Eu estava bem ciente do desespero que crescia no meu peito, mas fiz de tudo para impedir que ele me dominasse. Erguendo a medalha de São Bento, disparei minha força de vontade na direção do Acorrentador como se arremessasse uma lança. Deixei minha dor impulsionar o comando, perfurando as defesas mentais do demônio.
— Galantyr, o Acorrentador, eu ordeno que pare!
O comando atingiu a mente de Galantyr, rompendo algo lá dentro. Minha mente foi inundada por uma onda de angústia que abafou qualquer pensamento. Eu não conseguia me mexer, nem falar, nem pensar direito. A dor dentro de Galantyr era tão imensa que me fazia querer desistir de tudo, mas nem isso eu era capaz de fazer.
Não sei dizer por quanto tempo fiquei perdida dentro dos olhos do demônio. Acho que foi aquele desespero e a vontade de correr até Davi e ver como ele estava que me tirou parcialmente do transe. Ainda não era capaz de me mexer ou desviar o olhar, mas a ideia de confirmar minha suspeita terrível em relação ao estado dele me provocou medo, e aquela parte de mim que sentia medo foi capaz de se libertar.
Foi então que eu senti a presença de mais uma mente. Havia outro fio conectado aos pensamentos de Galantyr, e eu podia sentir que ele também estava lutando contra aquela angústia avassaladora que emergia do demônio.
Concentrando toda a minha vontade, comecei a seguir a linha que me levou à mente de Elifas. Seus pensamentos eram como uma sombra em um dia nublado, quase desaparecendo em plena vista. Não havia remorso pelo que acabara de acontecer com seu filho, apenas um ímpeto selvagem para se livrar daquelas amarras mentais. Um desejo de vingança contra todos ao seu redor. Medo de perder o poder que estava quase ao seu alcance.

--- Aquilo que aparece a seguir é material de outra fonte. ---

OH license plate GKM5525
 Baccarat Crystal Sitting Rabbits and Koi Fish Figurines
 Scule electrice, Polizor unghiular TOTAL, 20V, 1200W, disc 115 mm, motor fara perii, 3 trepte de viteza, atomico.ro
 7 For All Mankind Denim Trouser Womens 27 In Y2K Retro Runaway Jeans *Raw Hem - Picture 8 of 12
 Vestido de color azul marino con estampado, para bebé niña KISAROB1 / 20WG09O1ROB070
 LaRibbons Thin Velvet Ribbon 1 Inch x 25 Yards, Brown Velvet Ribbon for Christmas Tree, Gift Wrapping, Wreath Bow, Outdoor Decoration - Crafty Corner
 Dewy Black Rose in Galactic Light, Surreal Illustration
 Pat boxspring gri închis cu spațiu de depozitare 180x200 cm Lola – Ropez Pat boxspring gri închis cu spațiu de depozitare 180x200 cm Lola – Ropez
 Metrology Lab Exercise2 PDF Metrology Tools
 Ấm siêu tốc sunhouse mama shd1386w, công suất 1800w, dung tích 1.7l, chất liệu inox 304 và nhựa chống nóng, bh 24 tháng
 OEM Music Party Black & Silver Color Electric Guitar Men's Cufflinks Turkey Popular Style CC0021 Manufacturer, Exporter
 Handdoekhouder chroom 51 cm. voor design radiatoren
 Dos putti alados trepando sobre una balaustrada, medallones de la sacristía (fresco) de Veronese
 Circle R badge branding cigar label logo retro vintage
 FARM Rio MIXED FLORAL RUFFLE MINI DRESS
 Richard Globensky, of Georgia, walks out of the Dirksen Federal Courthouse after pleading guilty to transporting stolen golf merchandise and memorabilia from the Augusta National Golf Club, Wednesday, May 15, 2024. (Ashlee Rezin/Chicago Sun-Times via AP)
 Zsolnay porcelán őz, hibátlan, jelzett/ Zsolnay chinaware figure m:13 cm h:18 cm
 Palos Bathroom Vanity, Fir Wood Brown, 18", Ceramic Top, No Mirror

Medo. Medo era a chave para escapar daquela armadilha. Parei de tentar me acalmar. Senti o controle da minha própria mente escapando pelos meus dedos, e não fiz nada para impedir. E conforme a sensação esmagadora que fluía da mente de Galantyr ia tomando conta de todo o meu ser, o medo crescia.
Aquela parte de mim que sucumbia ao medo foi crescendo e se tornando mais forte. E então meus olhos já não estavam mais presos aos de Galantyr, e todo meu corpo começou a tremer como se estivesse muito frio, e frases sem sentido começaram a sair pela minha boca.
E quando o medo começou a me levar em direção ao portão, para fugir e me esconder e salvar a minha vida, eu tomei o controle de volta. Conduzi meu animal interior para as profundezas da minha mente e agradeci pela ajuda. Deixei que passasse através de mim e mostrasse todas as coisas terríveis das quais ele queria me proteger, e em momento algum lutei contra ele.
O medo passou. Eu fiquei. Eu, Lívia Antunes, era a dona daquela casa, e estava no controle. Haveria um tempo para lidar com o medo, depois que o perigo já tivesse passado.
Não precisava me preocupar com Elifas agora. Ele ainda estava perdido dentro da mente de Galantyr. Antes mesmo de pensar com ele, corri em direção à Davi.
Me abaixei ao lado do que havia restado do garoto. Me obriguei a olhar e ter certeza. Não precisava ser médico para saber que ele não sairia dessa. Ainda assim, algo chamou minha atenção. Não sabia dizer o quê, mas havia algo de errado com Davi. Claro, ele havia sido esmagado por um demônio, mas não era isso. Enquanto eu tentava entender o que havia de tão estranho, peguei um movimento com o canto do olho. Lá no fundo, ao lado de Elifas.
Um rosto apareceu sobre o ombro do velho. Uma mão ágil sacou uma lâmina, enquanto a outra buscou apoio sobre sua cabeça, puxando os cabelos com os dedos e expondo o pescoço. O golpe desferido em Elifas foi rápido e preciso.
O corpo de Davi jazia aos meus pés, reduzido a uma poça de sangue, entranhas e ossos partidos. No entanto, lá estava ele, do outro lado do pátio, sorrindo triunfante enquanto abria a garganta do pai.